April 1, 2015
The winner of Nigeria’s presidential poll, Muhammadu Buhari, has hailed his victory as a vote for change and proof the nation has embraced democracy.
Mr Buhari also praised outgoing President Goodluck Jonathan as a “worthy opponent” who peacefully relinquished power.
Gen Buhari beat Mr Jonathan by 15.4 million votes to 13.3 million.
Observers have generally praised the election, though there have been allegations of fraud.
Mr Buhari, of the All Progressives Congress (APC) party, has become the first opposition candidate to win a presidential election in Nigeria.
The former military ruler said: “President Jonathan was a worthy opponent and I extend the hand of fellowship to him.
“We have proven to the world that we are people who have embraced democracy. We have put the one-party state behind us.”
Analysis: BBC’s Will Ross in Lagos
This is a hugely significant moment in Nigeria’s turbulent history. Never before has a sitting president been defeated in an election.
Since independence from Britain in 1960, there have been numerous coups and although the 2011 vote was an improvement, most elections have been rigged or even annulled by the military.
Of course in a relatively close election, there will be millions of people who are not pleased with the outcome. But the whole process is a sign that democracy is deepening in Nigeria and may be a tonic to other countries in Africa.
Nigerians can start to believe that it is possible to remove politicians through the ballot box.
He added: “Your vote affirms that you believe Nigeria’s future can be better than what it is today. You voted for change and now change has come.
“You, Nigerians, have won. The people have shown their love for this nation and their belief in democracy.”
On Tuesday, Mr Jonathan said in a statement: “I promised the country free and fair elections. I have kept my word.”
Muhammadu Buhari in focus:
- Aged 72
- Muslim from northern Nigeria
- Elected president in 28 March poll
- Military ruler of Nigeria from 1984 to 1985
- Deposed in a coup
- Poor human rights record
- Seen as incorruptible
- Disciplinarian – civil servants late for work had to do frog jumps
- Survived an apparent Boko Haram assassination attempt
He added: “Nobody’s ambition is worth the blood of any Nigerian.

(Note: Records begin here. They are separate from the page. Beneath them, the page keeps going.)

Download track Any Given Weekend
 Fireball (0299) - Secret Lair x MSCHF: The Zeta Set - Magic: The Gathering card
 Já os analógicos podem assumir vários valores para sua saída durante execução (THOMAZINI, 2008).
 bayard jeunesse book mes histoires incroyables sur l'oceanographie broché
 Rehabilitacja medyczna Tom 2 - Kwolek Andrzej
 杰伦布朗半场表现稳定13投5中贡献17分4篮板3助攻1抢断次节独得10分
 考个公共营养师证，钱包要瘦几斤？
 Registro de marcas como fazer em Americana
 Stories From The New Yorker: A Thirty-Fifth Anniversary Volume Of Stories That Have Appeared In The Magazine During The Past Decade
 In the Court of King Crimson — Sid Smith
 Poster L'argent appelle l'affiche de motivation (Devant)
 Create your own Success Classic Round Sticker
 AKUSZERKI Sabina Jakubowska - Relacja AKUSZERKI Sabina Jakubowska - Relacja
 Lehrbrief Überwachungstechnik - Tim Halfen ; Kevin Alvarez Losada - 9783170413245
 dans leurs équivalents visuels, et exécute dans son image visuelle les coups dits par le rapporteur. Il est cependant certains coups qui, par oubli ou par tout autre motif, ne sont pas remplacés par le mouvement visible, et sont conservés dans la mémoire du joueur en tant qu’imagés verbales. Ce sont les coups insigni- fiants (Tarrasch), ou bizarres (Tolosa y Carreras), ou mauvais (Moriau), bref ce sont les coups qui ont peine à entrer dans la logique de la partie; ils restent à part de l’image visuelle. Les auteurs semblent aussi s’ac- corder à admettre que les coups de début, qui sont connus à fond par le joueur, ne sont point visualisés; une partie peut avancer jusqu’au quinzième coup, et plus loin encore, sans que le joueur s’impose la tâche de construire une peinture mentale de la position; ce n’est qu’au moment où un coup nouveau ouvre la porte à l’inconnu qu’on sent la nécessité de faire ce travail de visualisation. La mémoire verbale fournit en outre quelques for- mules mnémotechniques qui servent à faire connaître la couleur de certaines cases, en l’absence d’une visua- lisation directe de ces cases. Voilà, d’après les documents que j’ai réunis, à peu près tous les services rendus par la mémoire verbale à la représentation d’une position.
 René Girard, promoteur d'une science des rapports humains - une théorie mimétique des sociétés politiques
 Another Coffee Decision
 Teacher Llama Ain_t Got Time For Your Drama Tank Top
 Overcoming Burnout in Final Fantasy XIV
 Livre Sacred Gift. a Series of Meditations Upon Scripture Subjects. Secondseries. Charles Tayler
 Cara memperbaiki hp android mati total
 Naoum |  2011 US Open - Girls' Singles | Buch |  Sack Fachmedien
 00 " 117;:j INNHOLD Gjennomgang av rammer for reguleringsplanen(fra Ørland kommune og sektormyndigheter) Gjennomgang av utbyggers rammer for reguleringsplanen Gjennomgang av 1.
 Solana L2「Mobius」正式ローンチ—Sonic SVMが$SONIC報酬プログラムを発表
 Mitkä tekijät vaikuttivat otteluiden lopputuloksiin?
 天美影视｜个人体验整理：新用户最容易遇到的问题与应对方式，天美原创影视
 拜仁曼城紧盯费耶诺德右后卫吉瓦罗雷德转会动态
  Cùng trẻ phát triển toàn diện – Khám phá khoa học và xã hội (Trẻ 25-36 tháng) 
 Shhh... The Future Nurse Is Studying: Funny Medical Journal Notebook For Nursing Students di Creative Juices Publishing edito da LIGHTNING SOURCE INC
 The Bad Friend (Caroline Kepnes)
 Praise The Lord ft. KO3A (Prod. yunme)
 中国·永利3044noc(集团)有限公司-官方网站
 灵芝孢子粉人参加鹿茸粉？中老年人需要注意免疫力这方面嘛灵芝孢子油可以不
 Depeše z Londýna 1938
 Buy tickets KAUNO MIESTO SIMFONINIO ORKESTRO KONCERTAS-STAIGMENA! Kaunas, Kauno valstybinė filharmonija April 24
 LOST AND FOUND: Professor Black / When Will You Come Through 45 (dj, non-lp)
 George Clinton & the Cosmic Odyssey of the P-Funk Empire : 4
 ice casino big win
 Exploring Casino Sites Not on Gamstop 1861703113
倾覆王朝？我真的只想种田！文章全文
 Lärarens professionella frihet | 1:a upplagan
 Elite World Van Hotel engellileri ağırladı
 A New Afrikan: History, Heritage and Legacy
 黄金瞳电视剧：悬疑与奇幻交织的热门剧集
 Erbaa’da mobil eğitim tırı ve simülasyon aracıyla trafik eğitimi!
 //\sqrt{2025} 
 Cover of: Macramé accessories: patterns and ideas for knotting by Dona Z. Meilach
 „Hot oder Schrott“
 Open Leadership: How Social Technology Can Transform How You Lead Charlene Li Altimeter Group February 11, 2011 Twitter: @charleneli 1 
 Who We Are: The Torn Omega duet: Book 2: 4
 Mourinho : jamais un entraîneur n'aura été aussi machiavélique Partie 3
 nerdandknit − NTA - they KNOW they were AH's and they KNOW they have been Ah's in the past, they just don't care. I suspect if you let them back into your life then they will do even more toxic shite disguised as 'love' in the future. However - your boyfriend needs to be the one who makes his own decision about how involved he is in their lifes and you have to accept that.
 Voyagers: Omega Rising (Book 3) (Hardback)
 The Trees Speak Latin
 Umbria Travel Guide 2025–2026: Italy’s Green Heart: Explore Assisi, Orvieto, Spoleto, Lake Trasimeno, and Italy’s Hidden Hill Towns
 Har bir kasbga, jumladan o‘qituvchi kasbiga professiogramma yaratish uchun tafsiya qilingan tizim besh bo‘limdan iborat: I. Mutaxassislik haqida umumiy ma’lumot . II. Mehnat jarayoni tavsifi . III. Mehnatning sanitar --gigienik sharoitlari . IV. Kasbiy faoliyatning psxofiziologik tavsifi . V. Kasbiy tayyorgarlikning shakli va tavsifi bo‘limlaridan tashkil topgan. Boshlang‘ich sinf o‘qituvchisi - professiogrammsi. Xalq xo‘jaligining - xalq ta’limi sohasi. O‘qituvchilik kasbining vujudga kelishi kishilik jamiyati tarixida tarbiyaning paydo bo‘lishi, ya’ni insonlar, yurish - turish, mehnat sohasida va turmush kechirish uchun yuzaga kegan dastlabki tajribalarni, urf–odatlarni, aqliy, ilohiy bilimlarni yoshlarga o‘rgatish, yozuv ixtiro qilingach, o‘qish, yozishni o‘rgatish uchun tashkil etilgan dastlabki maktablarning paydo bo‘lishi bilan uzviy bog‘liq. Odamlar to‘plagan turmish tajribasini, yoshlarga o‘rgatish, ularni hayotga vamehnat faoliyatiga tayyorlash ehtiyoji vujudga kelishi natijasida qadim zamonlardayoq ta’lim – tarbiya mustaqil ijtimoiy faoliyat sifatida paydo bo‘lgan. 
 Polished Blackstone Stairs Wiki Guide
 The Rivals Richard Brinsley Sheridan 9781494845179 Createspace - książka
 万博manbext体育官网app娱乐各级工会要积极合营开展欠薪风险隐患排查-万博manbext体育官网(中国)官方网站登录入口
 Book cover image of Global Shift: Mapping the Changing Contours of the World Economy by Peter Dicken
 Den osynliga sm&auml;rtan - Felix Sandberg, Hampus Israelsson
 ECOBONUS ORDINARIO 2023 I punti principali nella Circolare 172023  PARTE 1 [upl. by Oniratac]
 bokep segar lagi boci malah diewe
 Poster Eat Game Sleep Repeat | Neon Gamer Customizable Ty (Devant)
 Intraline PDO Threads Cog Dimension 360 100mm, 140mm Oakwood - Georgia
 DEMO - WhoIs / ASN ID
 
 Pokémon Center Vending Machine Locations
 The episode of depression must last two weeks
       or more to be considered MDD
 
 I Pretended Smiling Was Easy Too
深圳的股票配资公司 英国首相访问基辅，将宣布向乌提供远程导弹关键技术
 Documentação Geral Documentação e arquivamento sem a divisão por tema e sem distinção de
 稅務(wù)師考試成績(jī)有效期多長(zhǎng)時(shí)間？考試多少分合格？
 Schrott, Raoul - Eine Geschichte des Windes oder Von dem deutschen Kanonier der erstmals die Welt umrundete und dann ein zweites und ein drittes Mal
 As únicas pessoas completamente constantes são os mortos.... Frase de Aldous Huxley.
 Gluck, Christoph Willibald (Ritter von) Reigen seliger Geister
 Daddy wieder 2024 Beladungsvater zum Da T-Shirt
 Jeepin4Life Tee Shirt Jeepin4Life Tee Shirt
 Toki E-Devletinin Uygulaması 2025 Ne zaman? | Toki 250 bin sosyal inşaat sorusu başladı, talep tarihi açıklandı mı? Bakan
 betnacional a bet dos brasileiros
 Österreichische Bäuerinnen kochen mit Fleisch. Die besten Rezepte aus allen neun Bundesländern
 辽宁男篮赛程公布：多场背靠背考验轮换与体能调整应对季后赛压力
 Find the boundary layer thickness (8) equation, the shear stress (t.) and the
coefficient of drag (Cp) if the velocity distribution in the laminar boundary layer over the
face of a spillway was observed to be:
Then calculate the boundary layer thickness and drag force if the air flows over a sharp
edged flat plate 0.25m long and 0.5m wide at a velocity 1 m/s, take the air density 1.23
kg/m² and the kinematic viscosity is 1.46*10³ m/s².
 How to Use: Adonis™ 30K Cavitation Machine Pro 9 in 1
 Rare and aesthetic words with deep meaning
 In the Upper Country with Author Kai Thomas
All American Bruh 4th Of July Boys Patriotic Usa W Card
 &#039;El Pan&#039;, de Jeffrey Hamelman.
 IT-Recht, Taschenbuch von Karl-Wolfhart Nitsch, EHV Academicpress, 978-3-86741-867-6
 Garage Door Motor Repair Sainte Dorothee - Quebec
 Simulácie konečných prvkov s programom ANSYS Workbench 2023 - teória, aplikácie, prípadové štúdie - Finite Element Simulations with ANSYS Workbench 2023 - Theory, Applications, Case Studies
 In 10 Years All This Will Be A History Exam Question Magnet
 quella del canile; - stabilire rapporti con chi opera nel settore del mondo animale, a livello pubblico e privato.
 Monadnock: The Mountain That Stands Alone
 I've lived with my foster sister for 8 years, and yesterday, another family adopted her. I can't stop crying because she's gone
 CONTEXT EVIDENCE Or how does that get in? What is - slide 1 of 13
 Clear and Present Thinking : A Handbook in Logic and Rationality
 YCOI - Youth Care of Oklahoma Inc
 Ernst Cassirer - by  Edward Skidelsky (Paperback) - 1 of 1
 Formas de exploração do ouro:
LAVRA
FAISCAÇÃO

The unity, stability and progress of our dear country is more important than anything else.”
He said he had conveyed his “best wishes” to Mr Buhari, and urged “those who may feel aggrieved to follow due process… in seeking redress”.
However, analysts say the margin of victory is likely to prevent any successful legal challenge.
Mr Jonathan must officially hand over power on 29 May.
This election was the fourth time that Gen Buhari, 72, had sought the presidency.
He ruled Nigeria from January 1984 until August 1985, taking charge after a military coup in December 1983.
Mr Jonathan had led Nigeria since 2010, initially as acting leader before winning elections in 2011.
Nigeria has suffered from attacks by the Islamist militant group Boko Haram, which has killed thousands of people in its drive to establish an Islamic state.
Many voters have said that they believe Gen Buhari is better positioned to defeat Boko Haram.
The former military ruler dominated the country’s north-western states, winning 94% of the vote in one of the worst affected, Borno.